Israel Porter Blodgett
2017 Founder of the Year
Born in Amherst, Massachusetts on March 4, 1797, the day that John Adams was inaugurated second president of the United States, Israel Porter Blodgett was the 5th generation of Blodgetts to live in America. His ancestors were from England and his grandfather fought in the Revolutionary War. They were blacksmiths for generations and passed the trade down to Israel. Israel was the oldest of the 12 children in his family and as a young man became an apprentice blacksmith at the United States Armory in Springfield and went to work at Harper’s Ferry, Virginia. His co-workers were slaves and after advising them how to escape north to freedom, he lost his position. Returning to Massachusetts he made wagon wheels, gun barrels and anchor chains with swivels for ships. He married Avis Dodge in 1820 when he as 23.

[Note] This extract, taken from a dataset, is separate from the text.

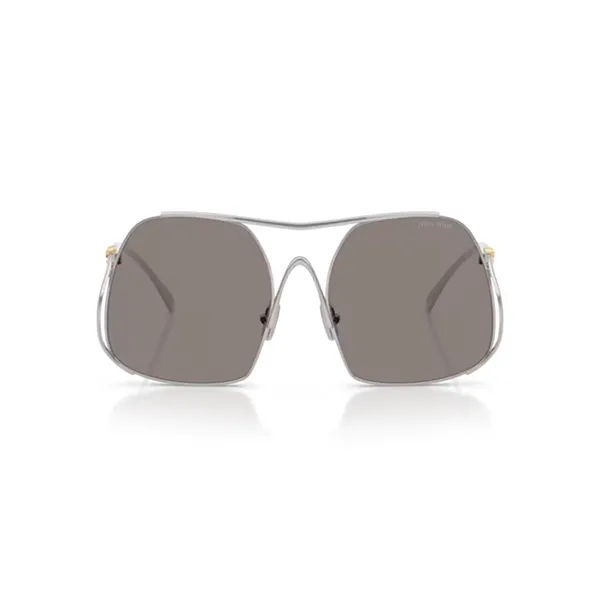 Kính Mát Nữ Miu Miu 0MUA55S 1BC80Q57 Màu Xám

By 1830 he made the decision to move west and organized the Hampshire Colony, a group going to Illinois, leaving his wife and children in Massachusetts until he could find a place to settle. His first stop in Illinois was Naperville where he brought his family to live. It was here in 1832 his family fled to Ft. Dearborn during the Black Hawk War while Israel volunteered under the command Capt. Joseph Naper to defend the homesteads.

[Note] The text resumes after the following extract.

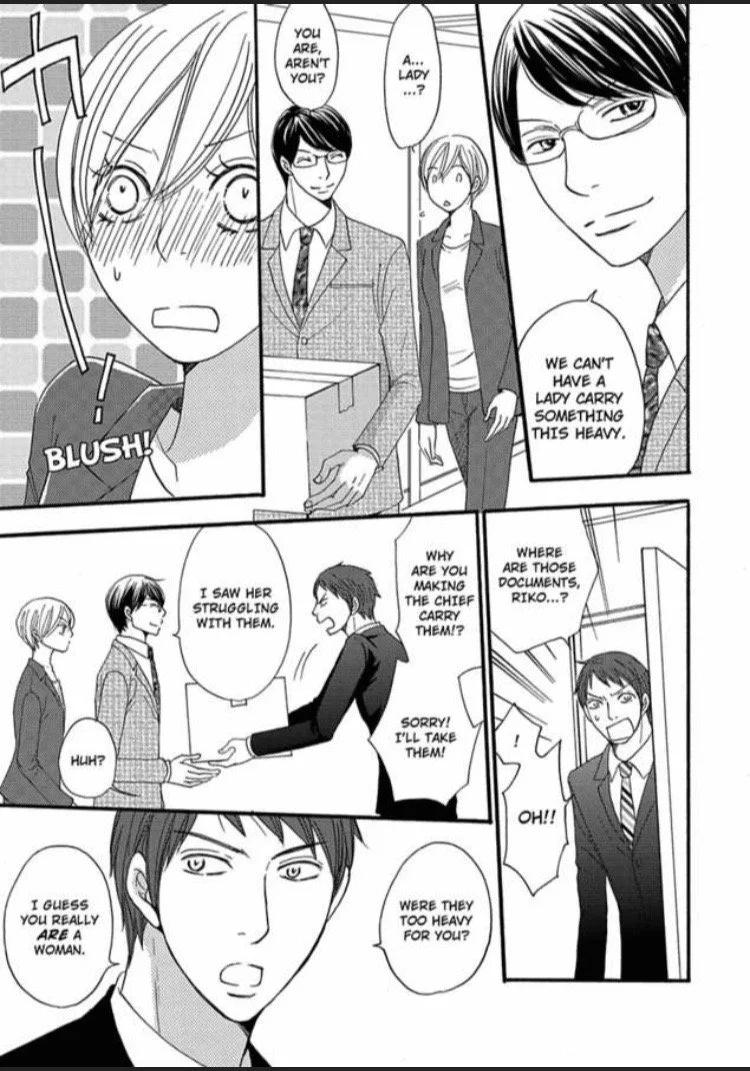 Fuyu Bara no Yuutsu - Chapter 2 - Page 11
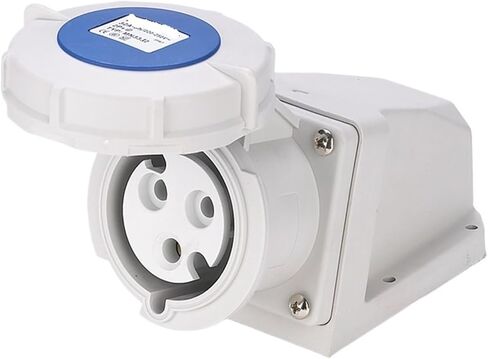 مقبس مثبت على السطح مقاوم للماء 16A MN1312 16A 3P + PE IP67 مقبس صناعي in Kuwait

By 1836 the Blodgett family moved to Downers Grove. They purchased about 500 acres of land on what is now Maple Avenue to farm and set up a blacksmith shop. In 1846, after ten years living in a log cabin, Israel built a one-and-a half story house with rustic hand-hewn black walnut joists and simple clapboard exterior. This home became a stop on the Underground Railroad as the Blodgett’s helped slaves to escape to freedom. Today, the house is one of the oldest in Downers Grove and is currently the site of the Downers Grove Museum campus.
When Israel Blodgett died in 1861 he left a wife and six sons. He was recognized for being a friend to the pioneers and the local Native Americans. He was an experienced blacksmith, an inventor of a self-scouring plow to cut thru the prairie grass and an abolitionist. One of his last wishes was to be buried in a simple pine coffin as he found it would last better in the wet prairie ground. He told his sons to cover it with black cloth if they wanted to hide the pine box. This burial method would soon be used by many. His grave can be found in the Main Street Cemetery in Downtown Downers Grove.
The Downers Grove Historical Society is happy to honor Israel Porter Blodgett as the Founder of the Year for 2017.